2015 Los Angeles Drama Critics Circle Award Winner for Writing
October 18 – November 19, 2017

Caroline Cox has been working in the Department of Human Services for twenty-five years. She thinks troubled teenagers Peter and Karlie, the parents of newborn Luna Gale, are a typical case. But she discovers an array of unspoken motives amongst all the parties with an interest in Luna’s future. With events accelerating and Caroline uncovering more of the truth, her conclusions begin to look startlingly unconventional – even to her. “Luna Gale [is] one of this year’s most valuable additions to American drama.” – The Los Angeles Times


THE NETHER by Jennifer Haley

2012 Susan Smith Blackburn Prize Winner
2015 Laurence Olivier Award Nominee for Best Play
January 24 – February 25, 2018

The Nether is a virtual wonderland that provides total sensory immersion. Just log in, choose an identity and indulge your every desire. But when a young detective uncovers a disturbing brand of entertainment, she triggers an interrogation into the darkest corners of the imagination. “As a parable for where we’re headed on that big old highway in the digital sky, The Nether exerts a viselike grip, while taking you down avenues of thought you probably haven’t traveled yet.” – The New York Times


THE ARSONISTS by Jacqueline Goldfinger

NNPN Rolling World Premiere
March 14 – April 15, 2018

Set deep in a Florida swamp, The Arsonists is a father-daughter tale of grief, loss and redemption. Inspired by the Greek tragedy Electra, this play with music is a contemporary American myth that explores the relationship between parent and child in that small space between death and life, the last breath before the awakening. It is the runner-up for the 2016 Leah Ryan Prize, and was nominated for the Susan Smith Blackburn Prize and L. Arnold Weissberger Award for Playwriting.

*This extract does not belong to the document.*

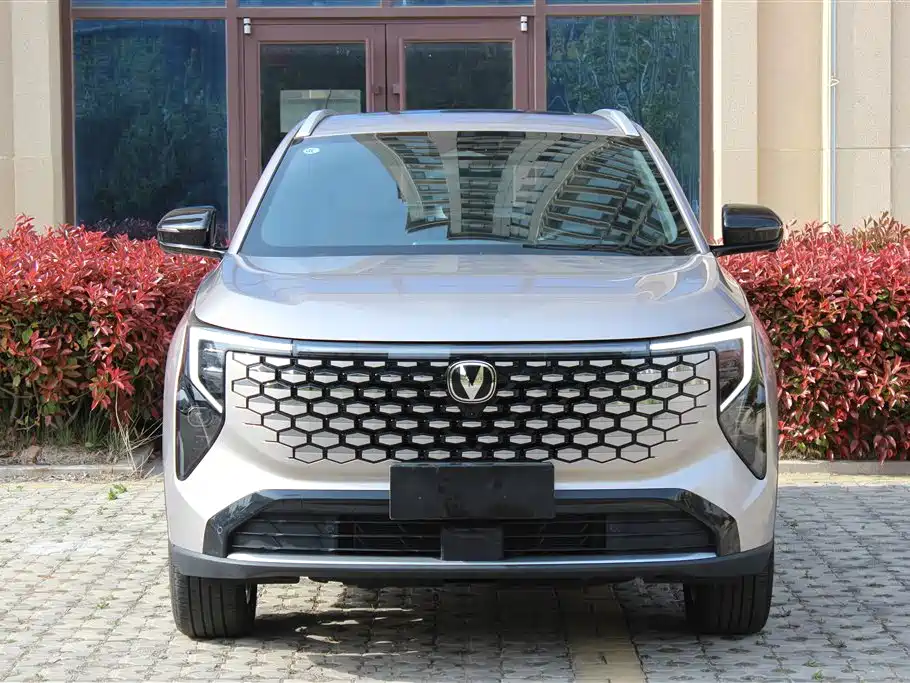 Changan CS55PLUS — фото 3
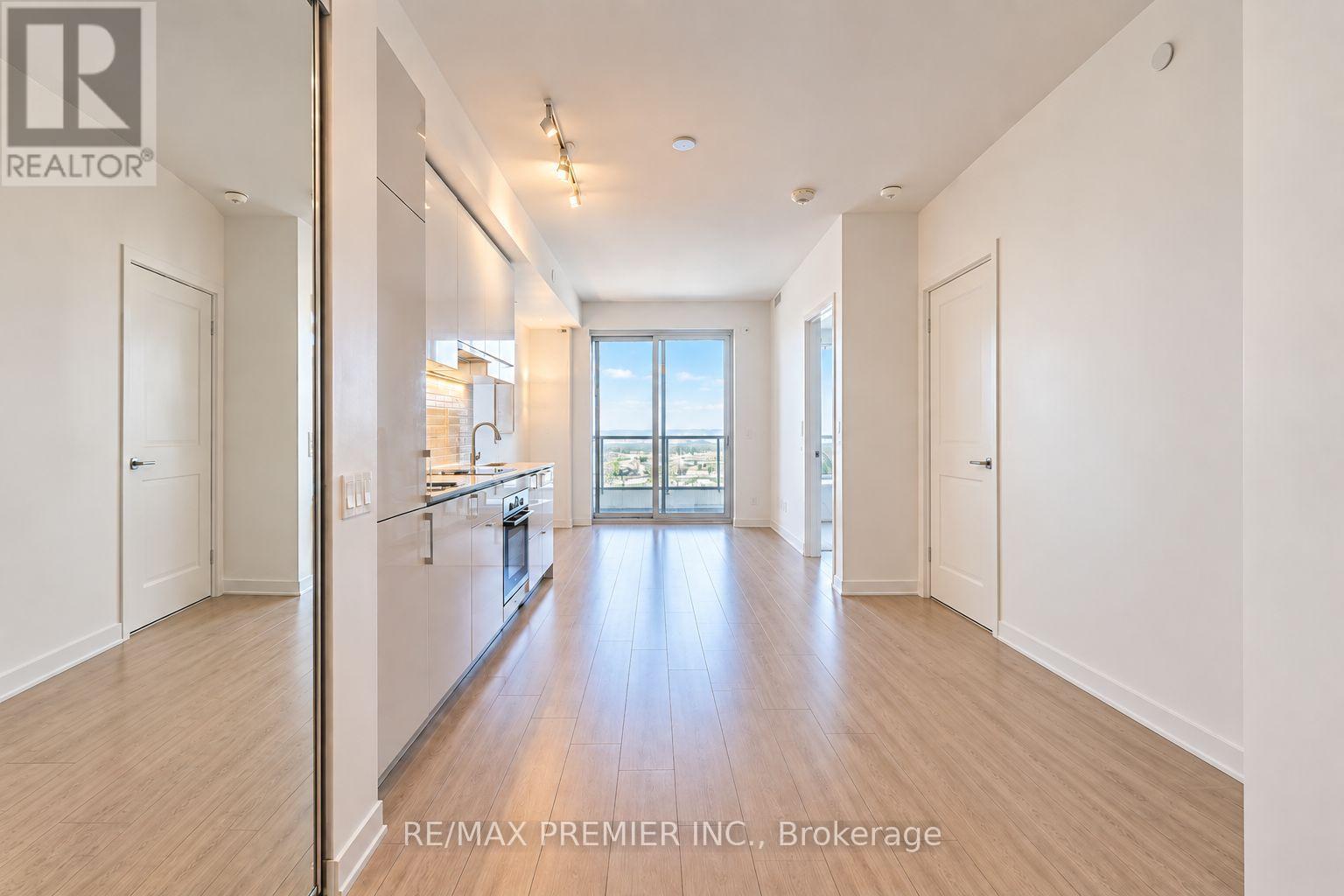5901 - 950 Portage Parkway, Vaughan, Ontario  L4K 0J7 - Photo 4 - N13823828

MARJORIE PRIME by Jordan Harrison

Co-Production with American Stage
Pulitzer Prize Nominee
May 2 – June 3, 2018

It’s the age of artificial intelligence, and 85-year-old Marjorie — a jumble of disparate, fading memories — has a handsome new companion who’s programmed to feed the story of her life back to her. What would we remember, and what would we forget, if given the chance? In this richly spare, wondrous new play, Jordan Harrison explores the mysteries of human identity and the limits — if any — of what technology can replace. “Jordan Harrison’s elegant, thoughtful and quietly unsettling drama operates by stealth, landing skillfully targeted punch after punch, right where it hurts. It keeps developing in your head long after you’ve seen it.” – The New York Times




Sacramento Premiere
June 20 – July 22, 2018

Four mismatched artists attempt to devise an ethnically sensitive play for the local schools to celebrate both Thanksgiving and Native American Heritage Month – with no Native American actors. In this wickedly funny satire, political correctness, ego and just plain ignorance collide as these well-meaning self-proclaimed artists try to perform a Thanksgiving miracle (without killing any turkeys).